Pay-to-play funds scandal: Time for a change
Dan Primack is the editor of peHUB, a Thomson Reuters publication.
The New York State Pension Fund kickback scandal is making new headlines. The Wall Street Journal reported that Steven Rattner, the head of the Obama administratino’s auto task force, was one of the executives involved with payments that are under scrutiny, citing a person familiar with the matter.
On Thursday, New York State Attorney General Andrew Cuomo filed a criminal complaint against Raymond Harding, former chair of New York’s Liberal Party, for scheming with the already-indicted David Loglisci and Hank Morris. Cuomo also coaxed a guilty plea and financial remuneration out of Barrett Wissman, a crooked former hedge fund manager.
All of this got me to thinking more about the issue of raising fund capital from public pension systems, a process that often is just begging to be corrupted. Inexperienced and smaller general partners (GPs) can have real difficulty getting in front of a pension system’s investment staff, because there is rarely a transparent or streamlined process.
The result is that many of these GPs hire a “finder,” which is typically a politically-connected individual who can gain access from the top-down. Most of these finders aren’t splitting their fees with the pension system’s investment staff – a quid pro quo that allegedly occurred in New York – but even the most above-board of these relationships boils down to influence peddling from my humble perspective.
Here’s how one GP explained it: “We hire finders because there’s sometimes no other way to get our 20 minutes in front of someone from the [pension system’s] investment staff. We’re not paying the finder for the fund commitment, but just for the opportunity to make our case and then have the system or its consultant conduct due diligence on us.”
So let me make a modest proposal: Public pension systems should participate in a modified version of M&A deal-flow circuits. For the uninitiated, deal-flow circuits are structured networking events (often featured as part of industry conferences) in which a group of buyers (bankers, PE investors, etc.) get introduced to a group of sellers (CEOs, PE pros with portfolio companies to shop, etc.). Each buyer typically sits at his/her own table, and the sellers sit with them for pre-determined periods of time, before rotating to the next buyer. Kind of like financial speed-dating.
The same format could be applied to the GP/LP dynamic.
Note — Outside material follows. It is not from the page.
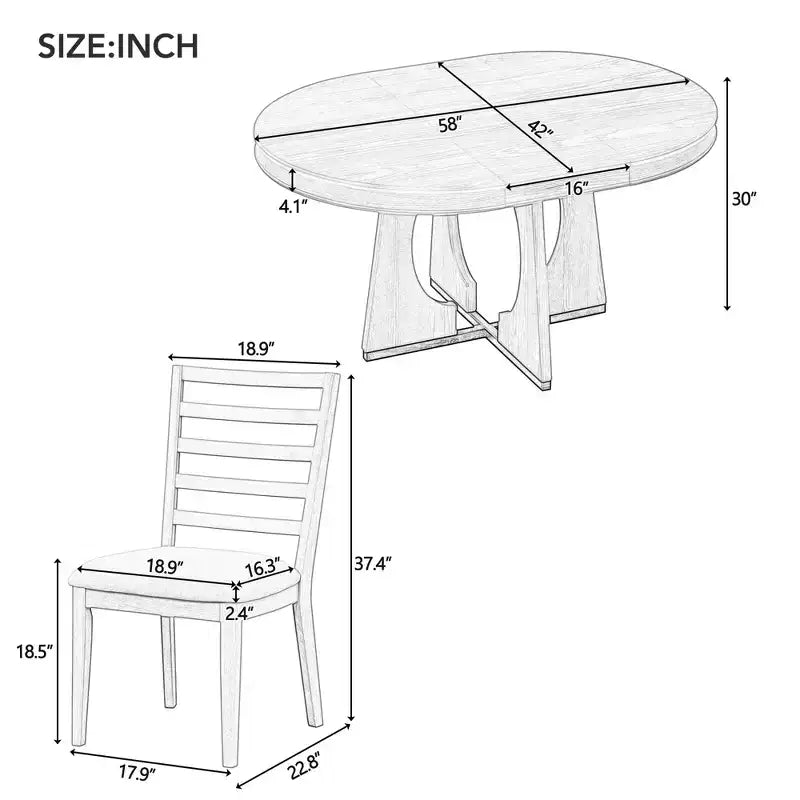 GDFStudio Dana Round 5 Piece Dining Set with Extendable Table and Upholstered Chair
Rent out a ballroom for two days, and invite senior staff from lots of public pension systems (and some private LPs too, if they’d like to participate). They would be the buyers, and would each get their own table. Then invite GPs who are actively looking to raise fund capital, with some sort of pre-qualification process to screen out the nutjobs. Then let the GPs make their 15 or 20-minute elevator pitches to the LPs. Not in order to get an immediate commitment, but just to get the face-time. Then the LPs can reflect on their meeting sheets, and determine which opportunities are worthy of further due diligence.
Most GPs can accept striking out with a particular LP. What frustrates them is when they don’t even get an at-bat.
A fund-raising circuit could assuage that frustration, and remove some of temptation to use politically-connected finders (and thus reduce both actual corruption and the appearance of corruption). It wouldn’t be a total panacea, but it would be a start.